Chill out with this hot raita
Besan, mirchi and dahi, the time-tested trio to combat summer heat,
join hands to make a dish that is colourful and easy to prepare SOME
like it hot, even in the height of summer. Well, truth be told,
this isn’t a scorcher or palate singer. The recipe packs all the
benefits of chillies that stoke a sluggish appetite and help the
digestive system and so on but the pungency is beautifully tempered by
sweet curds.
The dish is colourful,
quickly fixed and the besan lends it some body and bouquet. You can
treat it as a raita or a thandi sabzi.
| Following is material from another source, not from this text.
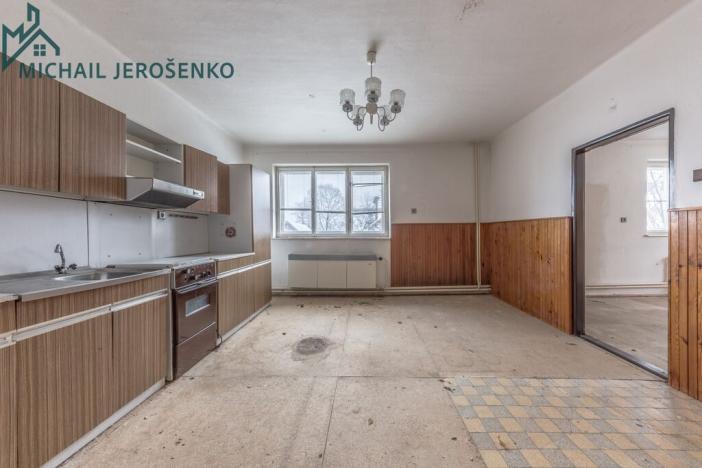 Prodej rodinného domu, Čechtice, Vinohradská, 163 m2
The lady who
gifted us this recipe was from Rajasthan and sang paeans of praise
claiming that the ingredients besan,`A0mirchi and dahi
were the trio time-tested to combat and defeat heat. Isn’t karhi
and khata for that matter not an irresistible temptation when
we lose our cool as the days heat up?
We didn’t pick up the
gauntlet then but decided to test the proof of the proverbial pudding.
Well, we have since sent a letter of thanks to our host acknowledging
our debt for this gem.
Besani
mirch ka raita
Ingredients
Curd (whisked) 200 ml
Plump red
chillies (long variety) two
Plump green
chillies (long variety) two
Besan 2 tbsp
Jeera powder ½
tsp
Red chilli
powder ¼ tsp
Oil 2 tbsp
Salt to taste
Method
Wipe clean the chillies
and cut into about 1 inch long round pieces. Prepare a batter of
thick pouring-consistency with besan. Blend the salt and
powdered spices in the batter. Heat oil in a pan and put in the
chillies. After stir-frying for 30 seconds, pour in the batter
and keep stirring briskly. The chillies should be well coated
with batter but not resemble pakora or mirchi bada!
Cook till the besan exudes a pleasant well done aroma. Remove
from flame and cool. Then put in a bowl and mix with curd. Treat
yourself and the guests perhaps in reverse order.